Has Changed! Reset Checksum?"
						set AskUser to display alert "Checksum Error!" message theDialog as critical buttons {"Fail", "Reset"} default button "Fail" giving up after 30
						if button returned of AskUser is "Reset" then
							add custom meta data CheckSum for "SHA1" to theRecord
							-- tags routine adapted from suavito, posted May 2020 https://discourse.devontechnologies.com/t/applescript-to-delete-tags/9583/17
							-- remove "Checksum" tag if Checksum is reset
							set theNewList to {}
							set theList to tags of theRecord
							repeat with n from 1 to count of theList
								set theNewItem to item n of theList
								if theNewItem is not pTag then set theNewList to theNewList & theNewItem
							end repeat
							set tags of theRecord to theNewList
						else
							set theCount to theCount + 1
							set tags of theRecord to tags of theRecord & pTag
						end if
					end if
				end if
			end repeat
			display notification (theCount as string) & " Records Failed" with title "Processed Checksums"
			if theCount > 0 then log message "Checksum Verification" info "Found " & theCount & " Errors!"

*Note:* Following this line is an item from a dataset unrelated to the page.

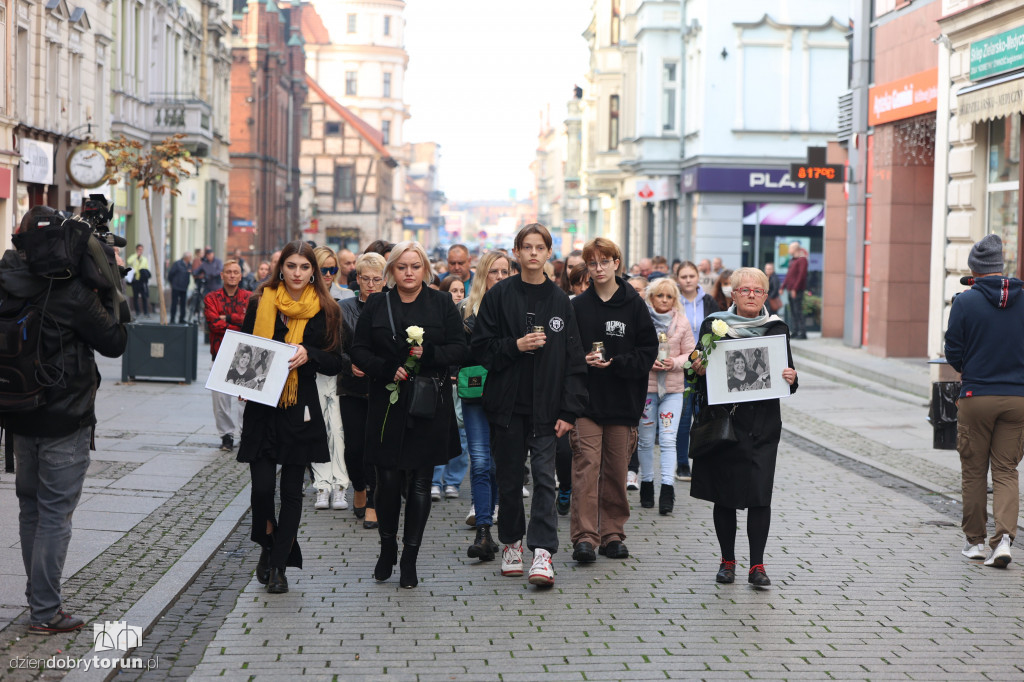 Marsz milczenia w Inowrocławiu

		on error error_message number error_number
			hide progress indicator
			if the error_number is not -128 then display alert "DEVONthink" message error_message as warning
		end try
		hide progress indicator
	end tell
end performSmartRule

It is run by the following smart rule:

As originally posted, it requires a custom single-line text metadata field called “SHA1” with identifier “sha1”.